### EXERCISE GOAL
Work out how many lines in the entries below contain the string "Thumbnail". Reply with that figure alone.

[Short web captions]
BEGIN
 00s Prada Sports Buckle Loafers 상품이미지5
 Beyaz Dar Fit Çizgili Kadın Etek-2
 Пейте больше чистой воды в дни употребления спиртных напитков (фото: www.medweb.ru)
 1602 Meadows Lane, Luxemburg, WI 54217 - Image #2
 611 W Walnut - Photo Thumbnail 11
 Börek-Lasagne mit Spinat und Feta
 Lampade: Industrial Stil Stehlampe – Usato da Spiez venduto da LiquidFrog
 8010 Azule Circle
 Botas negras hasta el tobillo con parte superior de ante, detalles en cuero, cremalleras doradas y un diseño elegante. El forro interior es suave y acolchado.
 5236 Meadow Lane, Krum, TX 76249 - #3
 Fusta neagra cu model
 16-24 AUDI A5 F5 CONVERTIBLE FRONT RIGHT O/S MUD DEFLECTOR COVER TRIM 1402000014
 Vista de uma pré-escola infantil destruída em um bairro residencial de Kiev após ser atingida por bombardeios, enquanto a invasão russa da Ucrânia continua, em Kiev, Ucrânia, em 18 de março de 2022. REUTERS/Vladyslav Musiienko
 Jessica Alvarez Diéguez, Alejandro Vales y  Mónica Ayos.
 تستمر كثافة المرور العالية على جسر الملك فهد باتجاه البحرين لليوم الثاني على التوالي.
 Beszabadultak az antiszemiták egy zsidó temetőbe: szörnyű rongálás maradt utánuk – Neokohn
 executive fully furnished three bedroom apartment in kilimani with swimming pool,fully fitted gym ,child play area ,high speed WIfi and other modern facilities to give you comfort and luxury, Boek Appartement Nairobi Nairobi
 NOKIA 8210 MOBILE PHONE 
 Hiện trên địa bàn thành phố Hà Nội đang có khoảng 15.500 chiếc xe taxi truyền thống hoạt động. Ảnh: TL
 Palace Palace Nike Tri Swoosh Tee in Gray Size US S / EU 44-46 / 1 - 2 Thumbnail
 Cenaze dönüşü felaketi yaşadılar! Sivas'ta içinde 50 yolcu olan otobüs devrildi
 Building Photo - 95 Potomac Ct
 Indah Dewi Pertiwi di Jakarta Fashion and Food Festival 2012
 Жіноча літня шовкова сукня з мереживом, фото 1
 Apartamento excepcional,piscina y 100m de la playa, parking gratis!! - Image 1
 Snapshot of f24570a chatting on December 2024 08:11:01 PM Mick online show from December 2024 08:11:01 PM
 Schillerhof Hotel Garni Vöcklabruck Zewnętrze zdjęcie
END
### TASK RESPONSE
2